I remember the circling flocks of birds during a darkening British autumn, preparing for a long journey to a better climate. Similarly, a content team migrating to DITA can look forward to escaping the overcast gloom of copy-paste and repetitive cross-checking in favor of the clear blue sky of open standards, reuse, and push-button publishing. And just as migration often involves an arduous journey, so doc teams need to pass through a lengthy process of tools assessments, pilot projects, and training before reaching their objective.

But there’s a downside to this analogy. When a British swallow arrives in sub-Saharan Africa, it remains essentially its former self, albeit a little lighter and perhaps missing a feather or two. But content and its authors can’t remain the same after migration from traditional document formats to the hugely different environment of a structured semantic architecture such as DITA. The benefits of such a move include significant savings, increased quality and consistency, and sophisticated delivery solutions or integrations with other systems. But an organization that wants to achieve these benefits needs to radically change its processes of writing, collaborating, and even to team roles. Rather than migration, perhaps we should be talking of metamorphosis.
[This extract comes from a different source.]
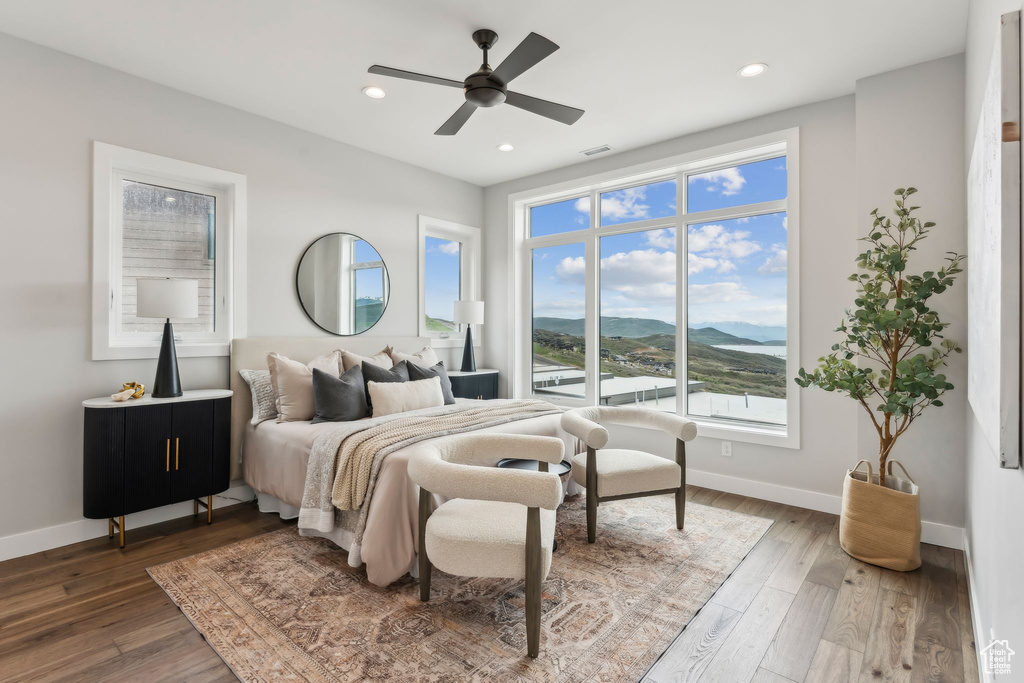 Bedroom featuring a mountain view, wood finished floors, recessed lighting, and ceiling fan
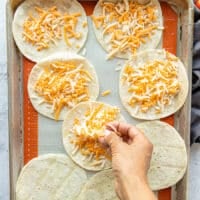 A hand sprinkling a generous amount of cheese on the soft shell tortillas on a baking sheet ready to melt in the oven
A completely different element

I imagine a tadpole’s transition to land to be a stressful experience. My first time snorkeling felt rather odd; how much more daunting must the reverse move be, particularly when you need to develop your own breathing apparatus? A move to structured content is similar.

Green tree frog
Image by Christian Fischer (Christian Fischer) [CC-BY-3.0 (http://creativecommons.org/licenses/by/3.0)], via Wikimedia Commons

Authors must transition from the comfortable, buoyant surroundings of WYSIWYG to a sparse, unfamiliar environment. No matter how straightforward the interface, they still need to trust the system to output something suitable. They also have to define what their words represent in such a way that the system can understand this. Though this may be as easy as entering text in the right section of a form, or picking an inline tag from a list, it still requires more thought than the old ways of authoring. (This isn’t any easier for those used to lightweight markup, either, as Markdown and the like are hardly semantic.)
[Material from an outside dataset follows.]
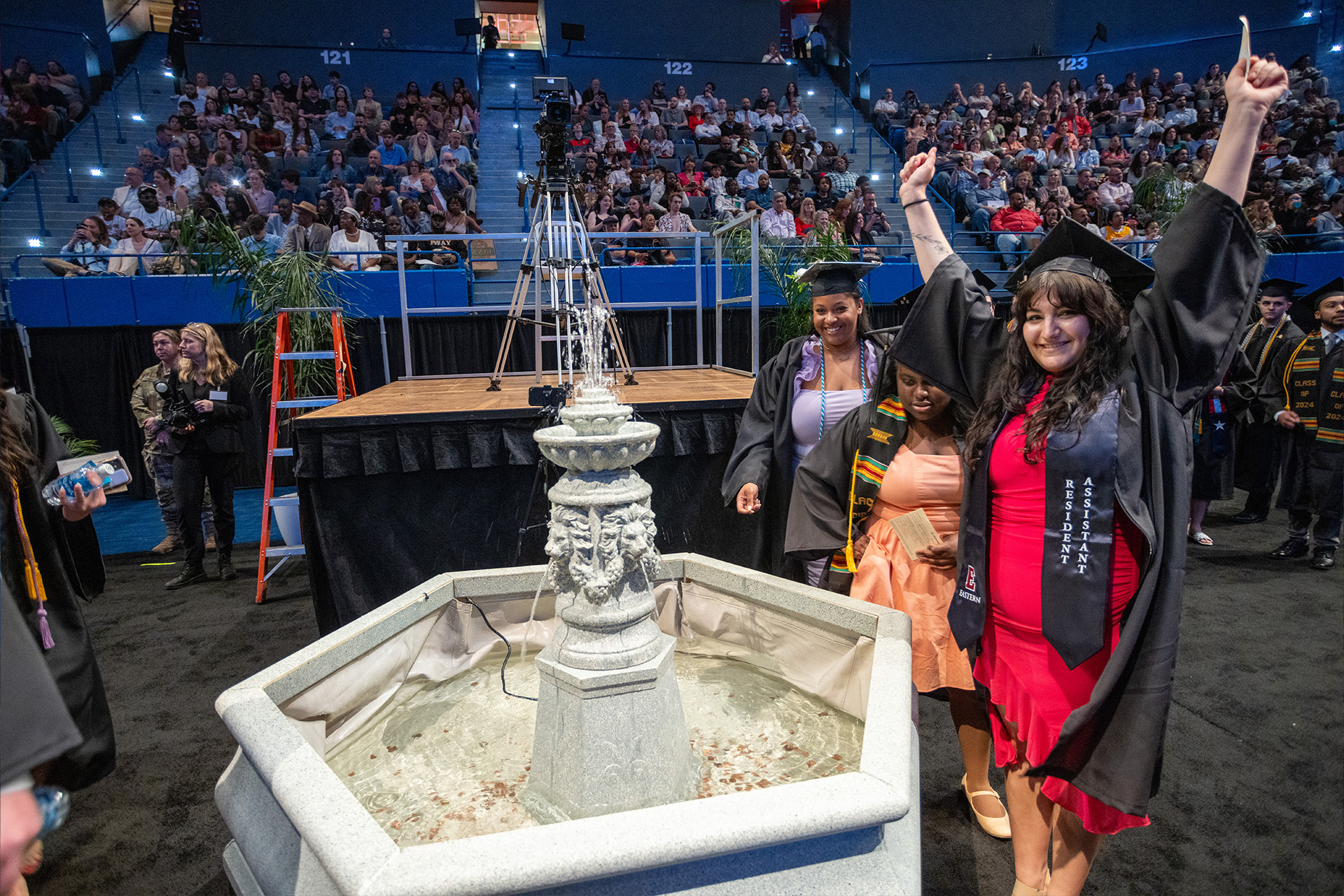 Graduates posing for a photo by the Make a Wish fountain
Unfortunately, not everyone realizes this. There are teams who get their content into DITA files and maybe even a CMS, but continue to behave as if they’re authoring in Word. The DITA-Users list receives questions from time to time along the lines of “How do I make one word green in DITA?” or “How can my translators add <b> tags to certain terms without causing translation memory problems?” There are even accounts of groups abandoning the idea of distinct topic types and cramming everything into generic topics. Practices such as these drastically reduce the benefits that can be achieved from a DITA implementation. Local formatting tweaks reduce efficiency, can introduce errors, and mean that potentially valuable semantic information is not being captured. Why do some localized terms need to be bold and some words green? Can this information be used elsewhere, in different contexts?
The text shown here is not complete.